━━━━━ Data excerpt

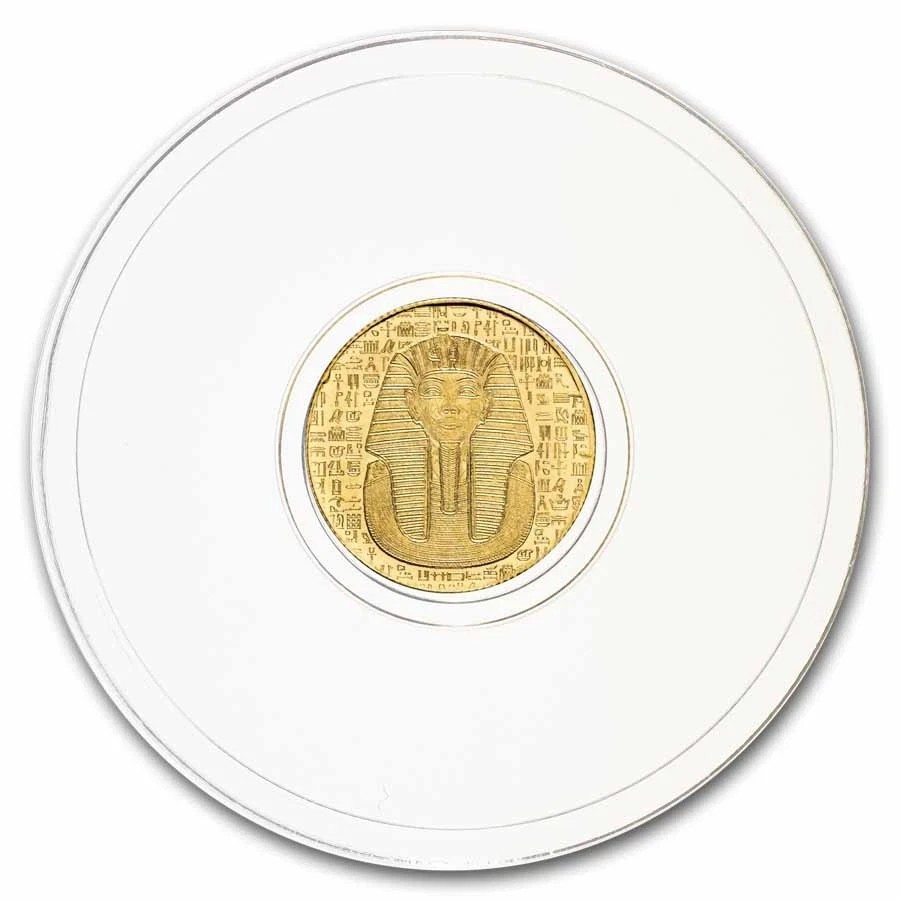 1/200th oz .9999 Gold Round: Egyptian King Tut .005 AGW – G200EKT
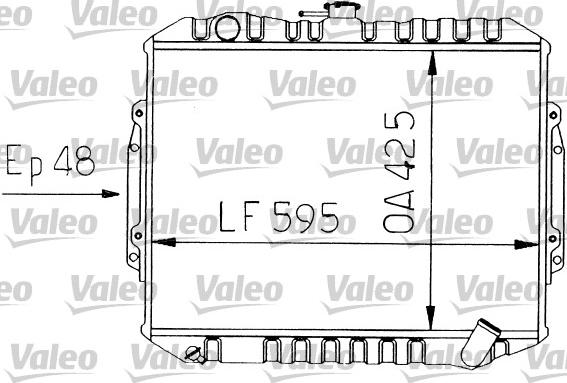 Valeo 730454 - Радіатор, охолодження двигуна autocars.com.ua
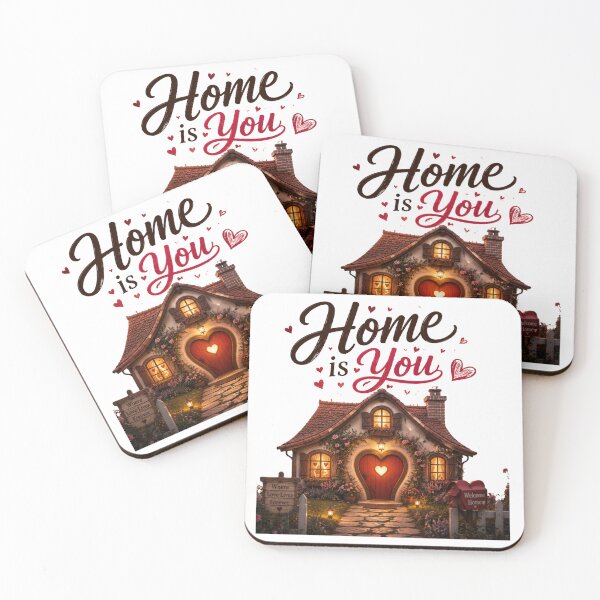 Item preview, Home Is You – Romantic Quote Design for Couples designed and sold by JagrDesigns.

━━━━━━━━━━

| Assigned task |
Make an exact copy of all the material, but keep the pictures out of it.

| Your response |
 1/200th oz .9999 Gold Round: Egyptian King Tut .005 AGW – G200EKT
 Valeo 730454 - Радіатор, охолодження двигуна autocars.com.ua
 Item preview, Home Is You – Romantic Quote Design for Couples designed and sold by JagrDesigns.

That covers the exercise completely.